**ASSIGNED TASK**
Repeat the listing exactly, minus the pictures.

**RECORDS SHOWN**
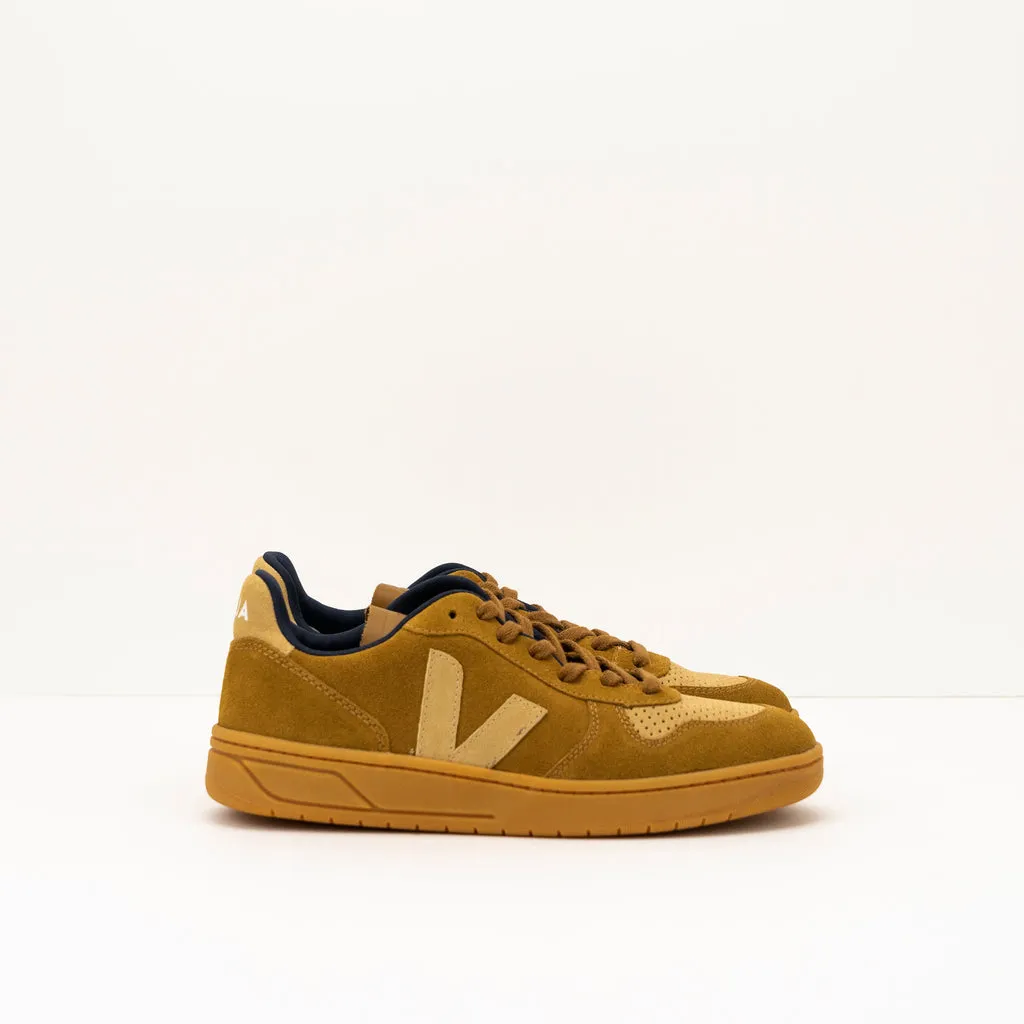 ZAPATILLA - VEJA - V-10 SUEDE CAMEL DESERT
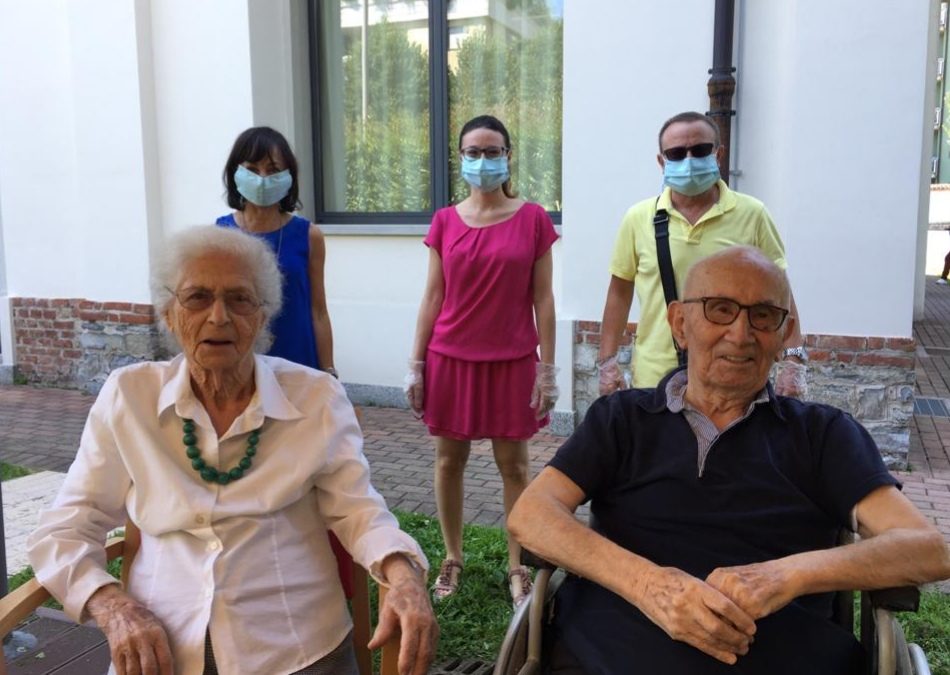 Villaggio Amico riapre ai parenti: visite su appuntamento e procedure per garantire la massima sicurezza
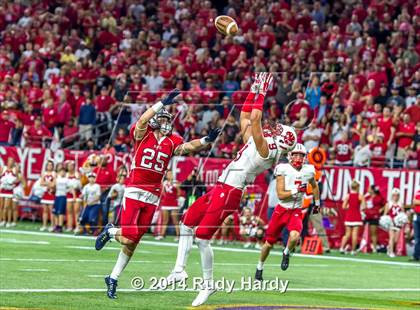Thumbnail 2 in Katy vs. Manvel (UIL 6A D2 Quarterfinal Playoff) photogallery.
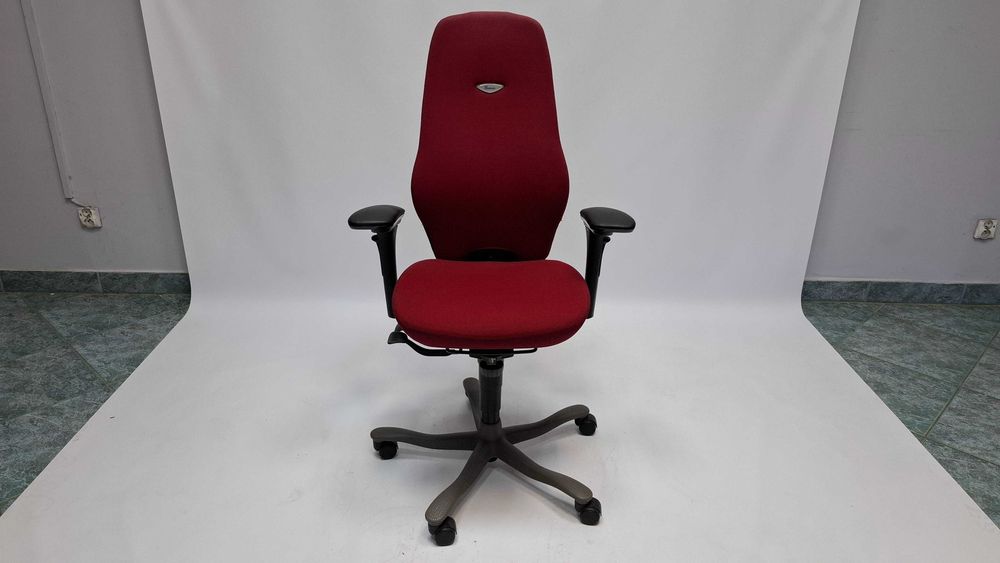 Fotel biurowy , krzesło obrotowe Kinnarps 6000 plus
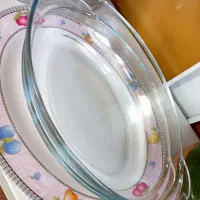 مرغ خوری پیرکس اصل با دیس بزرگ ملامین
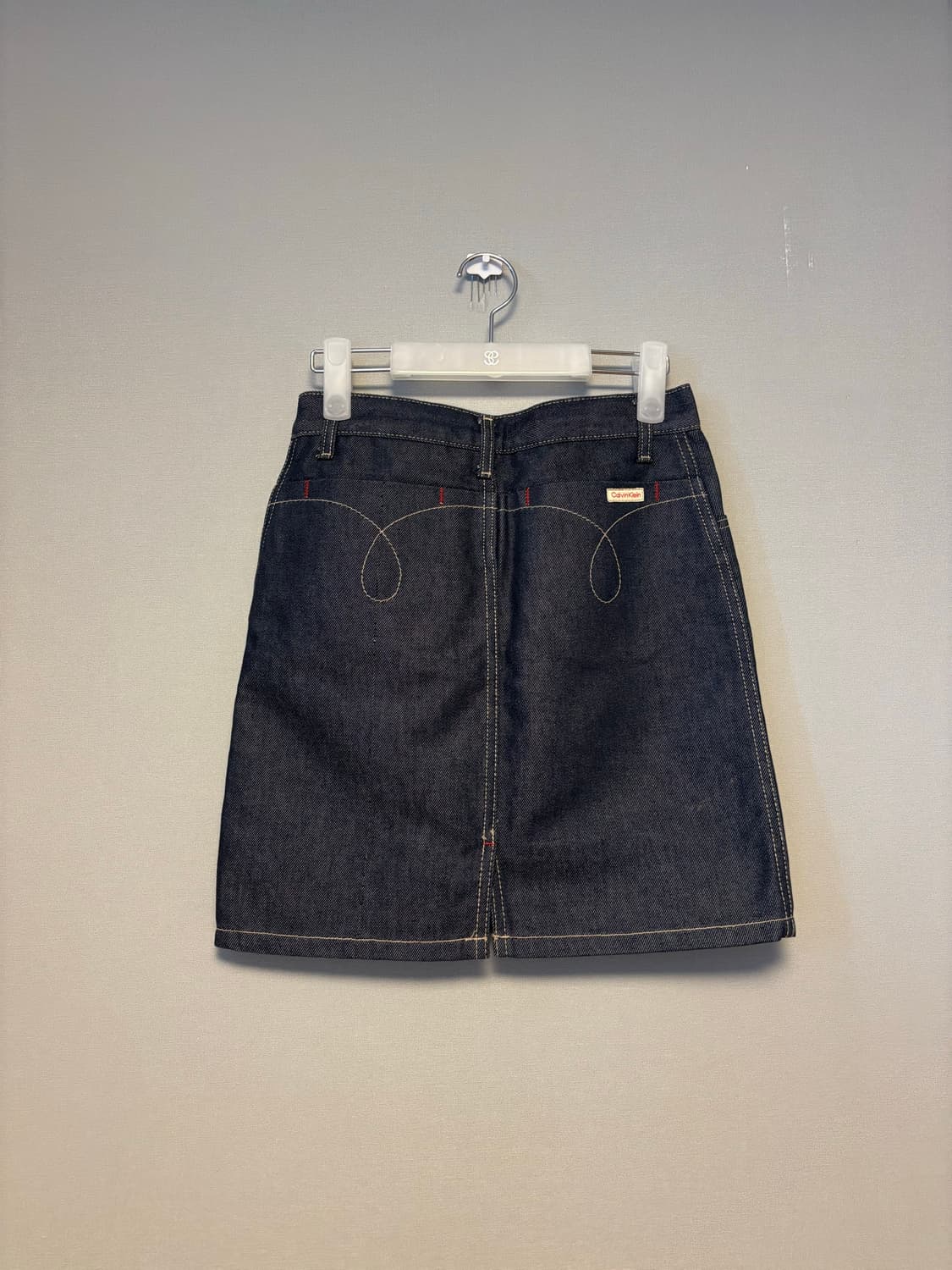 calvin klein denim skirt 상품이미지2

**THE COMPLETED TASK**
 ZAPATILLA - VEJA - V-10 SUEDE CAMEL DESERT
 Villaggio Amico riapre ai parenti: visite su appuntamento e procedure per garantire la massima sicurezza
Thumbnail 2 in Katy vs. Manvel (UIL 6A D2 Quarterfinal Playoff) photogallery.
 Fotel biurowy , krzesło obrotowe Kinnarps 6000 plus
 مرغ خوری پیرکس اصل با دیس بزرگ ملامین
 calvin klein denim skirt 상품이미지2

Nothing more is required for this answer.